▸ **TO DO**:
Starting with the line that contains "Hailian Topi Jurvanen" and stopping after the line that contains "Nanlux Evoke 2400B Bi Colour Spotlight", copy the entries below exactly. Include nothing else.

Stored data entries
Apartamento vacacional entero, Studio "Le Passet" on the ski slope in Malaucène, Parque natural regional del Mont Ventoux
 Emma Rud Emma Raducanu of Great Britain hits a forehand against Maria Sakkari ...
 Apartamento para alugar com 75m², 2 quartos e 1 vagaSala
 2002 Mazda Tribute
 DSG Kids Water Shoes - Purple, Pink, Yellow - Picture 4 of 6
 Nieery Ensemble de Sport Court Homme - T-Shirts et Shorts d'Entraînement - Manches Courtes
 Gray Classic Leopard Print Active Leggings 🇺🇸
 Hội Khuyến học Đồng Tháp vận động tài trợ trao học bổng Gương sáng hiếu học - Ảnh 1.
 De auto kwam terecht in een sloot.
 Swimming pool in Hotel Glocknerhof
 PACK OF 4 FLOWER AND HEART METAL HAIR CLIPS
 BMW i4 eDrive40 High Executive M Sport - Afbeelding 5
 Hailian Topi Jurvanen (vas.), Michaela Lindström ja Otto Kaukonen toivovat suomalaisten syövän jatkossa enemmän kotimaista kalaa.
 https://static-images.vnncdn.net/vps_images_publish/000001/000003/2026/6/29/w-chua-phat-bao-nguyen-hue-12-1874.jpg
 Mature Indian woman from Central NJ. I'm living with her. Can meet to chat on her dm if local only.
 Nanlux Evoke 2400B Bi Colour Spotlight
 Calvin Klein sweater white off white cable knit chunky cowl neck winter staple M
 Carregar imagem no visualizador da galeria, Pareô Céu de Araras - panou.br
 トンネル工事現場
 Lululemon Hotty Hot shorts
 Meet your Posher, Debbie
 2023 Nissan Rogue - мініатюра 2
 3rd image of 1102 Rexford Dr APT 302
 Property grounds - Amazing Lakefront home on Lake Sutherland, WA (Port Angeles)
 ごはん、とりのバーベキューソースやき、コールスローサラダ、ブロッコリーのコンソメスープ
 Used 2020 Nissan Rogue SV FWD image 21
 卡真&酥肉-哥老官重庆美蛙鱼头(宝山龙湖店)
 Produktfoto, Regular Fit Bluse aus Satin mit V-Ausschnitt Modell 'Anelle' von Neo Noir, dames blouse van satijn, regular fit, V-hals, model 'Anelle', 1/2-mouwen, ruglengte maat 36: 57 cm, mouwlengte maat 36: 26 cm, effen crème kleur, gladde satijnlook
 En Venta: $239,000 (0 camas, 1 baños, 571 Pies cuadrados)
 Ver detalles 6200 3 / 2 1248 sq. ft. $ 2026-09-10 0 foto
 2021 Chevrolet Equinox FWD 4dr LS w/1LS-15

▸ **ANSWER BOX**:
 Hailian Topi Jurvanen (vas.), Michaela Lindström ja Otto Kaukonen toivovat suomalaisten syövän jatkossa enemmän kotimaista kalaa.
 https://static-images.vnncdn.net/vps_images_publish/000001/000003/2026/6/29/w-chua-phat-bao-nguyen-hue-12-1874.jpg
 Mature Indian woman from Central NJ. I'm living with her. Can meet to chat on her dm if local only.
 Nanlux Evoke 2400B Bi Colour Spotlight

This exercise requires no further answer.